The other half of Wright’s day was spent in a school that the enlightened Titus Salt provided for the children. It was the only school Wright ever attended, and – as he reflected later – it didn’t teach him a great deal. He later wrote in John o’ London’s Weekly (15 May 1926): ‘When I left school, I knew very little more than when I first went. I knew the alphabet, and had a smattering of elementary arithmetic, and I could recite, parrot-like, various Scriptural passages, and a few highly moral bits of verse; that was almost precisely the extent of my educational equipment after three or four years of schooling. Reading and writing, for me, were as remote as any of the sciences.’ But, as he also liked to recall, the mill gave him a strong sense of local dialects, for the men came from all around the area.
He left Saltaire when he was thirteen and worked at a mill in Shipley, graduating to the more specialized work of wool-sorting, and stayed there for seven years. It was here, during his dinner-hour, that he taught himself to read and write, using just two books: the Bible and Bunyan’s Pilgrim’s Progress. His education progressed with a weekly purchase of Cassell’s Popular Educator magazine, which became, as he put it, his ‘constant companion’. Two or three evenings each week he went to a local night-school, where he began to learn French and German. By the time he was twenty, he had taught himself Latin and learned shorthand.

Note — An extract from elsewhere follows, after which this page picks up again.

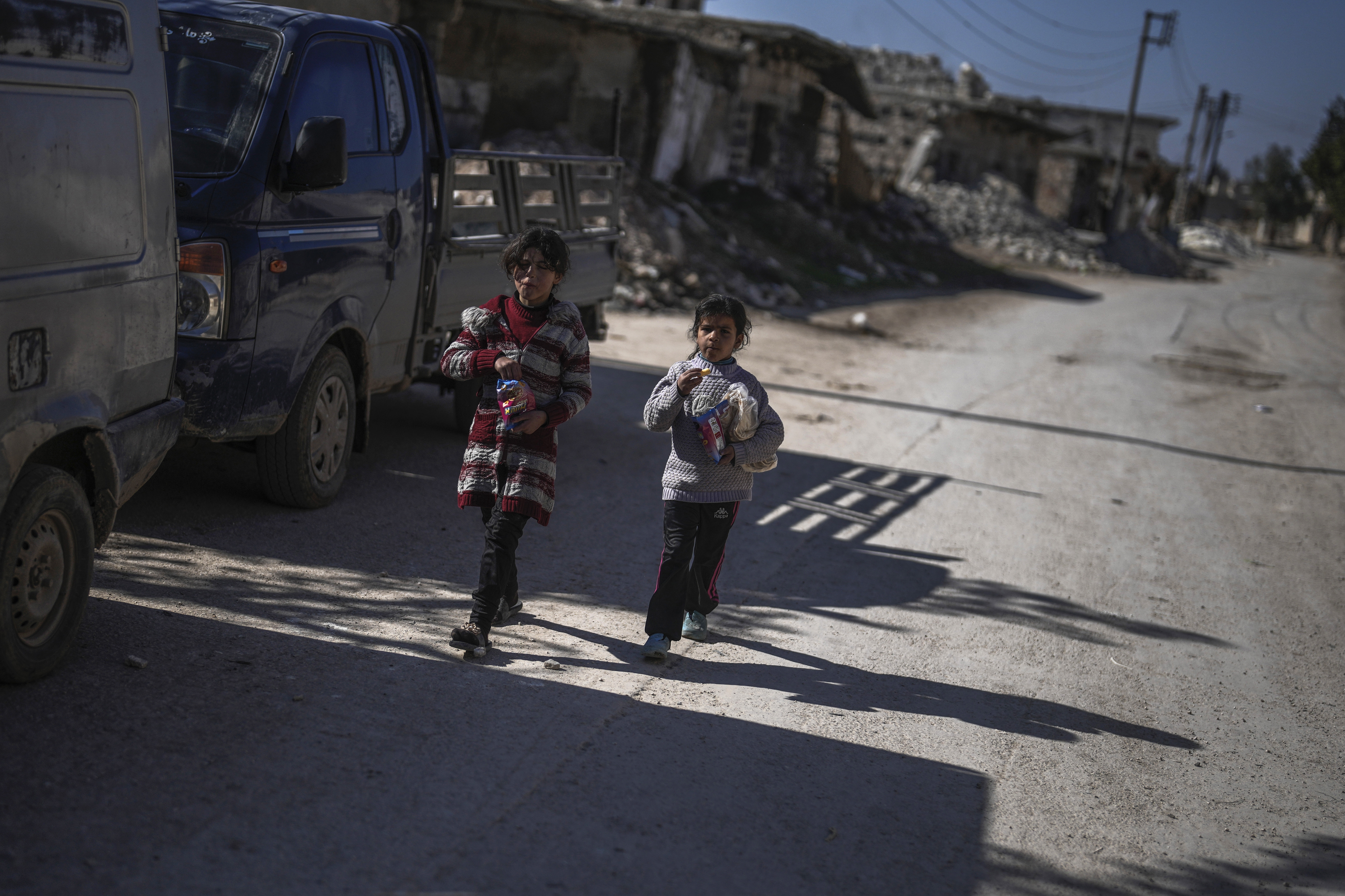 Syrians returning to the town of Tel Rifaat find homes in ruins and underground tunnels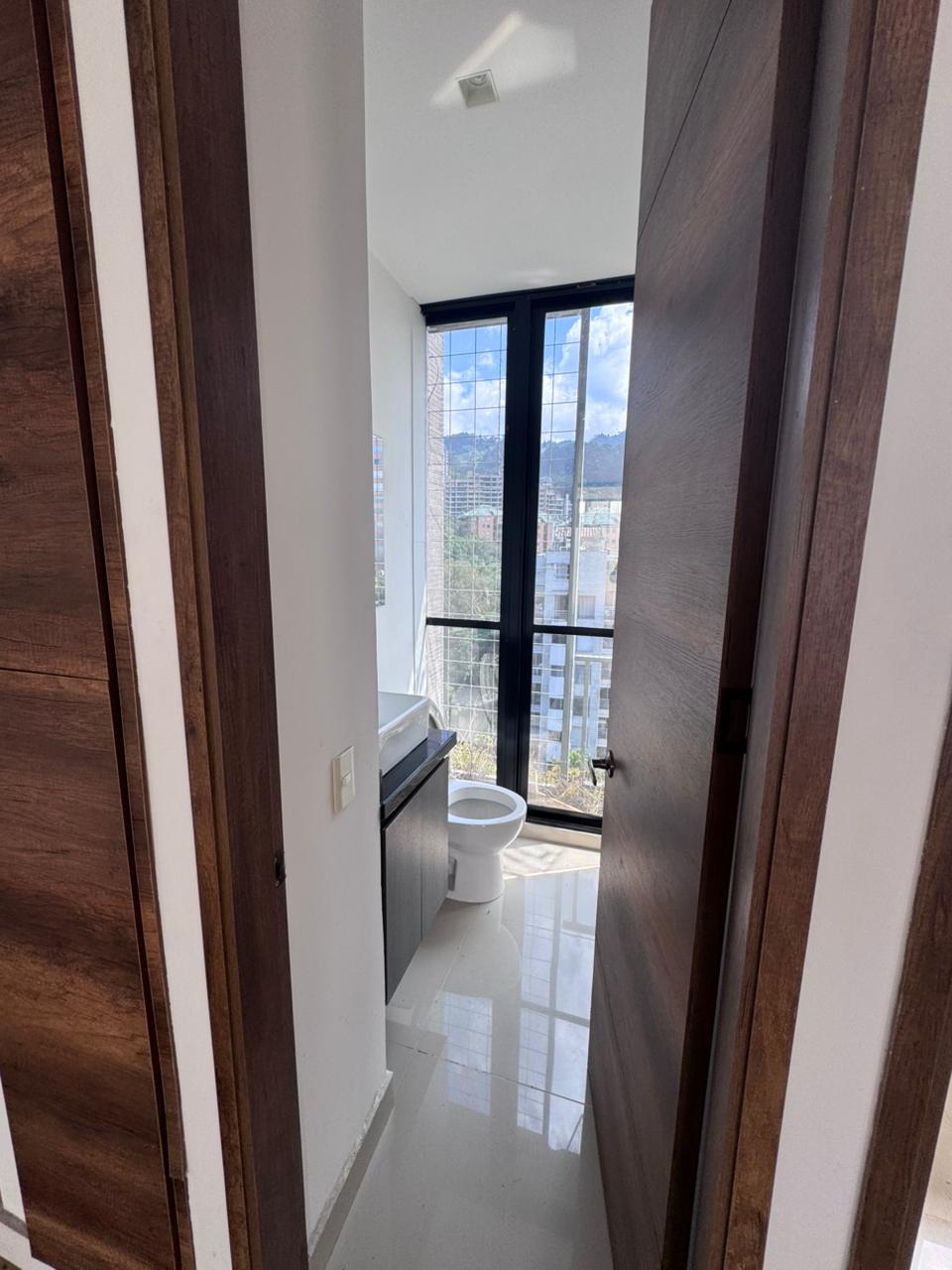 se vende oficina en el poblado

He might have stayed a wool-sorter indefinitely, but in 1876 the mill had a temporary closure, so he used this as an opportunity to move on. Through his mill-work, along with some income from running a small night-school of his own, he had saved £40 – enough to pay for a term at a university. He chose Heidelberg, in Germany. On his return, he found work in Windhill as a schoolteacher, but his language interests motivated a return to Heidelberg in 1882, and there he began his studies as a philologist, eventually gaining a doctorate. He joined the university in Oxford in 1888, and produced a string of publications, culminating in his masterwork, the six-volume English Dialect Dictionary, published between 1898 and 1905, which he financed himself.
In later life Wright had to get used to eye-catching newspaper headlines – such as ‘From Donkey-boy to Professor’ – whenever he carried out a public engagement. Certainly, there is no other linguistic story quite as dramatic as the one in which an illiterate quarry-boy and mill-worker becomes a professor of comparative philology at Oxford University.